The requirements for electricity and its competitive cost go hand in hand with the availability of raw materials and the preservation of steel scrap within the EU. These issues are related to the transition of European producers to low-carbon production and electric arc furnaces, while maintaining competitiveness in the global market. For example, WV Stahl noted that German electricity prices for the industry are not competitive even compared to Europe. According to the European Steel Association (EUROFER), the European steel sector currently consumes about 75 TWh of electricity per year. The green transition could increase this consumption to around 160 TWh by 2030.
The situation in Ukraine
In Ukraine, in October this year, the weighted average price for the purchase and sale of electricity on the DAM, according to Market Operator, slightly decreased compared to September. It amounted to UAH 5659.97/MWh (€123.6/MWh at the average monthly exchange rate of UAH to EUR) compared to UAH 5664.16/MWh last month. Demand for the DAM in the period under review increased by 21.74% compared to September, while supply increased by 30.7%.
According to the analysis of D.Trading, last month Ukraine remained a net importer of electricity, but its total imports fell by 58% month-on-month – to 182 million kWh. It was the lowest since March 2024. The main factors that influenced the dynamics of electricity imports in October were the completion of the repair campaign at Ukrainian nuclear power plants and the dynamics of spot prices in Europe.
Overall, the utilization of the provided cross-section increased to 72% last month (71% in September). The largest volumes of electricity in October came from Hungary, followed by Slovakia and Romania.
At the end of the month, Ukraine and the EU agreed to increase the possibility of importing electricity in winter to 2.1 GW from the current 1.7 GW starting December 1. Ukraine will also have an additional 250 MW of guaranteed capacity for emergency power flows from the EU.
At the same time, according to various estimates, the electricity shortage in Ukraine in the winter of 2024-2025 could be significant. In its September report, the International Energy Agency noted that it could reach 6 GW (the IEA took into account the possibility of 1.7 GW imports from the EU.
“Finally, after Mario Draghi’s report, the EU is beginning to understand what all experts have been saying – the European Commission’s energy policy leads to losses in economic competitiveness and negatively affects the welfare of all EU citizens. Each EU country has its own unique energy system, energy balance and economic structure, and therefore they have very different electricity prices. Unfortunately, Ukraine has remained the leader in terms of electricity prices for industry among European countries for more than 4 months. This means that we need to develop all types of generation and increase electricity production using all available opportunities to have a future in the EU,” comments Stanislav Zinchenko, CEO of GMK Center.

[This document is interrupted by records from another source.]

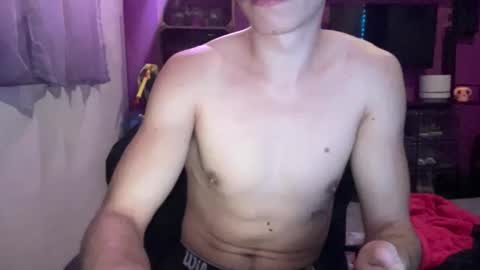 goodbatorboy online show from 03/23/26, 05:33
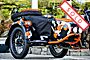 2021 Ural Limited Edition GEO Boston MA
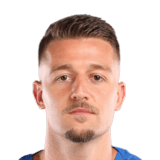 Sergej Milinković-Savić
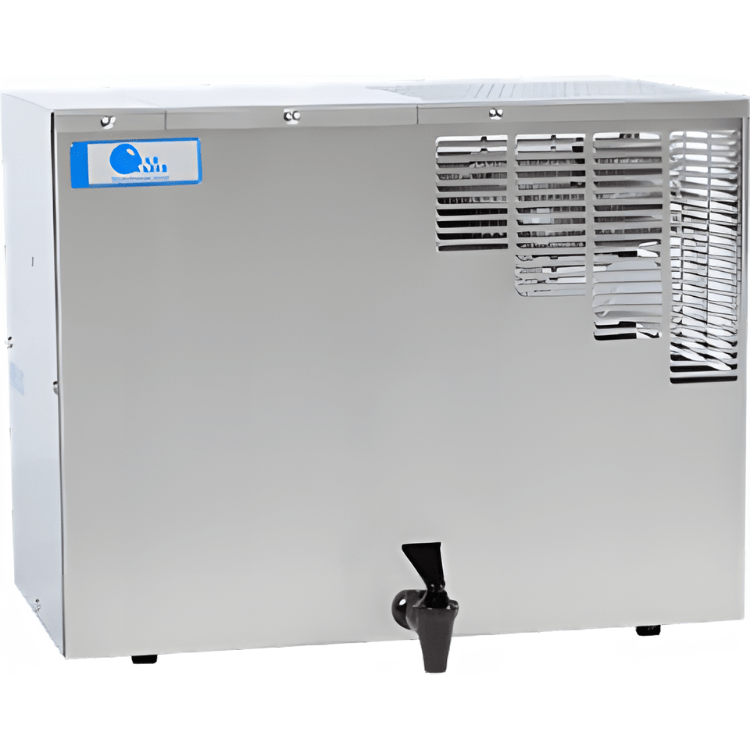 Pure Water - water purification technology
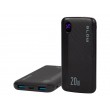 Power Bank 10000mAh QC 20W PB10B Power Bank 10000mAh QC 20W PB10B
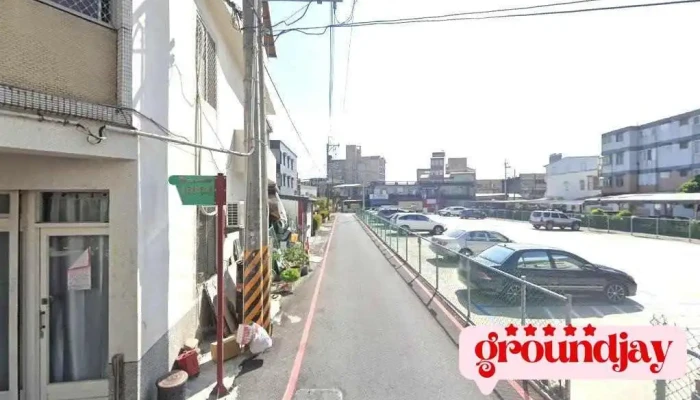 喜果室内设计 - 268台湾宜蘭縣五結鄉鎮安路15巷22弄2號
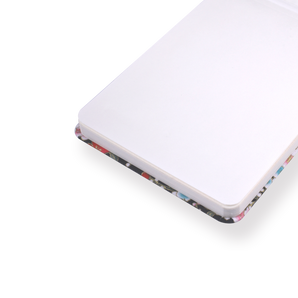 Watercolor Notebook - First Sakura - Stationery Pal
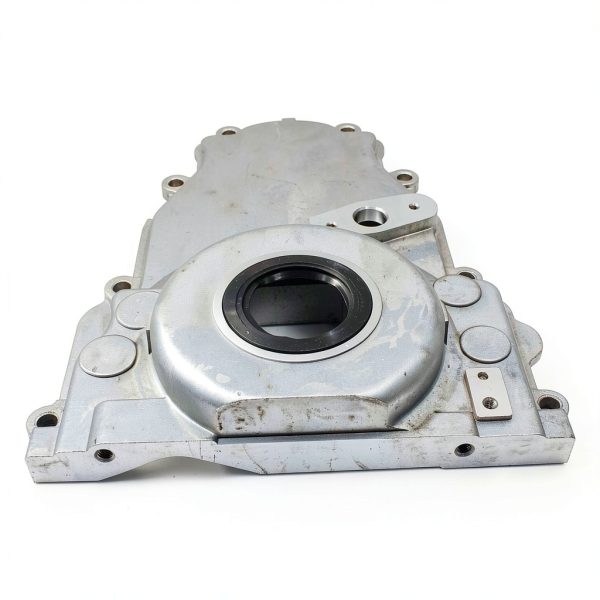 Chevrolet LS2 LS3 Engine Timing Cover LAFORMO OEM 12633906-1
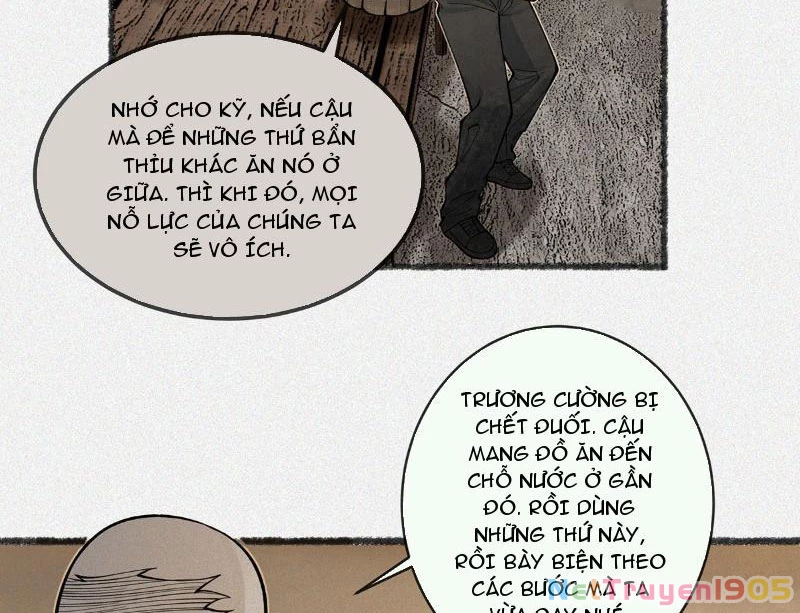 Thu Thi Nhân: Mở Đầu Bằng Việc Giải Phẫu Bạn Gái Cũ Chapter 5 - 52
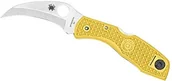 Akcesoria turystyczne - Spyderco sc106pyl2 tasmana soli 2 Lockback 2160733 - miniaturka - grafika 1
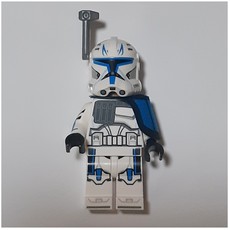 Captain Rex (fig-014392)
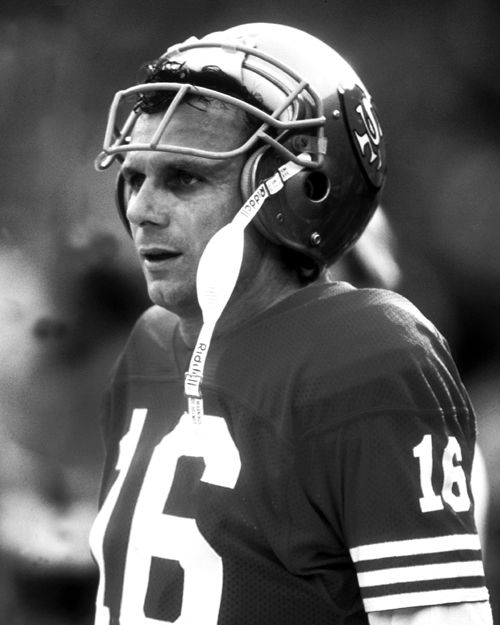 Joe Montana Joe Montana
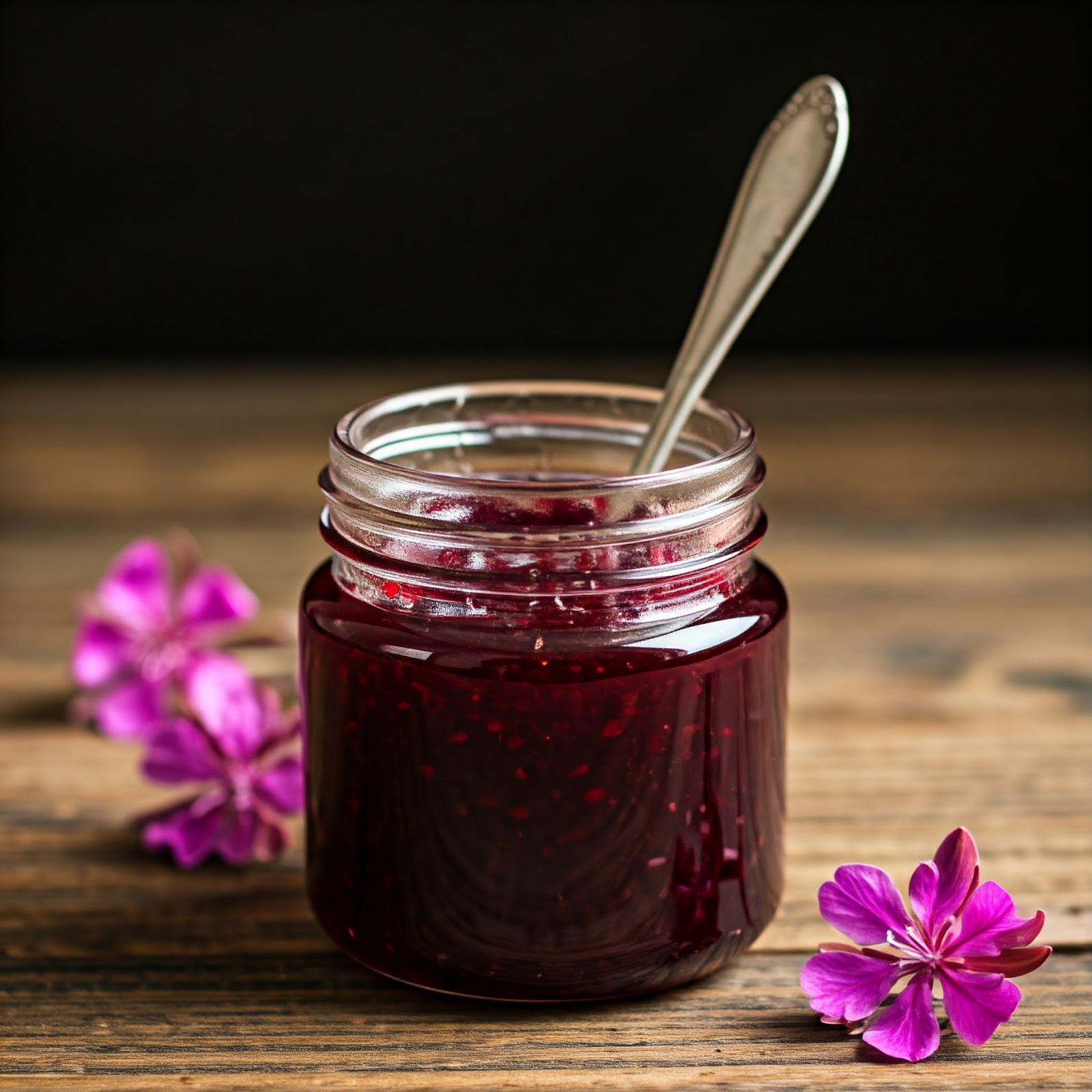 Fireweed Jelly 2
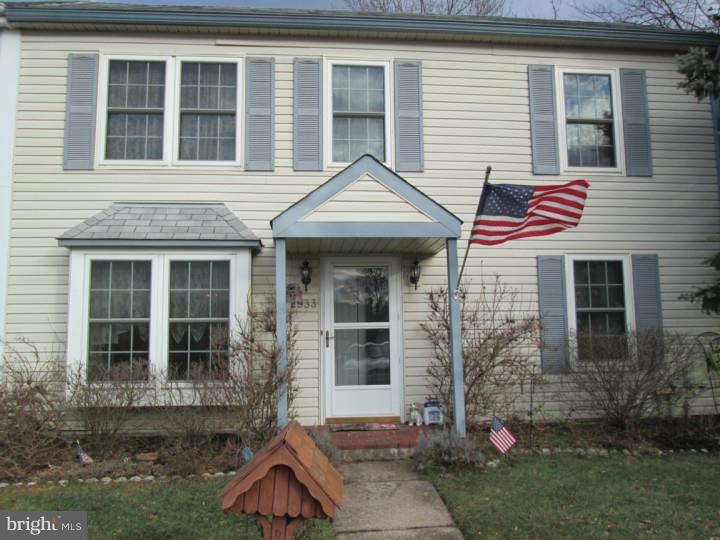 NESHAMINY VALLEY - Residential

Fullness of gas storage facilities in the EU
In late October, the European Commission reported that EU gas storage facilities were 95% full. As noted, during the energy crisis, EU countries agreed to a legally binding target of filling their gas storage facilities to 90% of capacity by November 1 each year to ensure security of supply and market stability during the winter months.
At the end of October, about 100 billion cubic meters of gas were stored in EU storage facilities, which is about a third of the bloc’s annual gas consumption.
According to European Energy Commissioner Kadri Simson, Europe is entering the winter with healthy levels of gas in storage across the region, diversified energy supplies, a greater share of renewables and a new commitment to energy efficiency and conservation.
European gas prices are still under pressure from rising Asian demand and concerns about future Russian gas and LNG supplies, said Anders Opedal, CEO of Norway’s Equinor.